Correlation of the C677T MTHFR genotype with homocysteine levels in children with sickle cell disease.

Recently, a mild to moderate elevation in the plasma homocysteine (Hcy) level has been found to be an important risk factor for stroke. Homozygosity for a common mutation (C677T) in the gene encoding for the enzyme methylenetetrahydrofolate reductase (MTHFR) involved in Hcy metabolism has been associated with increased levels of Hcy. To determine the role of hyperhomocysteinemia in the pathogenesis of stroke in children with sickle cell disease (SCD), Hcy levels and C677T MTHFR genotype were determined in 40 patients homozygous for hemoglobin SS and compared with 197 healthy children. Eleven of 40 patients with SCD had a history of stroke. The prevalence of homozygosity for the C677T MTHFR variant was 5% in the patients with SCD. The median Hcy level was 5.8 micromol/L in the patients versus 5.4 micromol/L in the controls (Fisher's, P > 0.05). There was no correlation of Hcy levels with the MTHFR genotype in patients with SCD. In patients with SCD and stroke, the median Hcy level was 4.8 micromol/L versus 6.0 micromol/L in those without stroke (P = 0.44, Mann-Whitney rank sum test). There was no difference in the proportion of patients with SCD with or without stroke who were homozygous for the C677T MTHFR mutation (0/11 versus 2/29; Fisher's, P = 1.000). In conclusion, this study failed to demonstrate an elevation in plasma Hcy levels in children with SCD compared with normal controls. Furthermore, hyperhomocysteinemia did not seem to be a significant factor in the pathogenesis of stroke in children with SCD.

The relationship of mutations in the MTHFR, prothrombin, and PAI-1 genes to plasma levels of homocysteine, prothrombin, and PAI-1 in children and adults.
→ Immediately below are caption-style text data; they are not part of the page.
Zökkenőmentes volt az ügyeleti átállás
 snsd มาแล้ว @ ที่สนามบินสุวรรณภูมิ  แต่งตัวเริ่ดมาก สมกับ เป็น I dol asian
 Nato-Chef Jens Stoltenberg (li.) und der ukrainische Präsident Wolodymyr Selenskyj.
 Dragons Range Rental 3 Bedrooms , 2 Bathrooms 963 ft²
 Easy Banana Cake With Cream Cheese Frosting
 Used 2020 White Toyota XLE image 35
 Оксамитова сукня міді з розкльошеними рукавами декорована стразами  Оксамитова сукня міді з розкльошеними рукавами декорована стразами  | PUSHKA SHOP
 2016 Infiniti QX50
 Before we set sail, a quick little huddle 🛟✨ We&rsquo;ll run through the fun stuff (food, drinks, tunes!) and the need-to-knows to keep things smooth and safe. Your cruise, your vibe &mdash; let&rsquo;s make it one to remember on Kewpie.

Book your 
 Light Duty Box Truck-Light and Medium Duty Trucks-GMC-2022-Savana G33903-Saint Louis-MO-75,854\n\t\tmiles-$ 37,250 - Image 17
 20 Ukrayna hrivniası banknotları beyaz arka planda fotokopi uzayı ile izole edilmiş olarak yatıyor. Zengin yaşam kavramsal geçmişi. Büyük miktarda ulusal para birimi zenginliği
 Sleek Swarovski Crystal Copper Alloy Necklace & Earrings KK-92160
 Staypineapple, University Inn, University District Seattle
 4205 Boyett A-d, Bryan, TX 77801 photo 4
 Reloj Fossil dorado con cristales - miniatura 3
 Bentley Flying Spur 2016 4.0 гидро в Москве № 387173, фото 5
Studies in adults have demonstrated that the genetic mutations C677T methylenetetrahydrofolate reductase (MTHFR), prothrombin 20210A, and the 4G polymorphism of the plasminogen activator inhibitor-1 (PAI-1) gene are associated with elevated plasma levels of homocysteine. prothrombin and PAI-1, respectively and with an increased risk of thrombosis. No similar data is available in children. Therefore, we assessed the relationship of plasma levels of homocysteine, prothrombin and PAI-1 with their respective mutations in 197 normal children, compared to 40 adults. By stepwise multiple regression, homocysteine was positively associated with age, PAI-1 activity was negatively associated with age, while PAI-1 antigen and prothrombin levels were associated with gender, being higher in girls than boys. When the genotypes were added to the regression model as additional explanatory variables, the MTHFR genotype accounted for 2.9% of the variance of homocysteine (p = 0.024), and the PAI-1 gene accounted for 2.7% of the variance of PAI-1 antigen levels (p = 0.023). Of children homozygous for the MTHFR mutation, 35% had homocysteine levels > or = the age-specific 95th percentile, compared to 2% heterozygotes and 5% wild type normals (p = 0.0001). The mean homocysteine level was higher in children homozygous for the MTHFR gene (8.4 micromol/1) than in heterozygotes (5.5 micromol/l), p <0.05. Of children homozygous for the 4G polymorphism of the PAI-1 gene, 19% had PAI-1 activity levels > or = the age-specific 95th percentile, compared to 2% of heterozygotes and 3% of wild type normals (p = 0.003). Studies of the incidence of the MTHFR, prothrombin, and PAI-1 4G/5G genotypes in children with thrombosis, when compared to these healthy normals, will provide evidence as to which of these genes are associated with thrombophilia.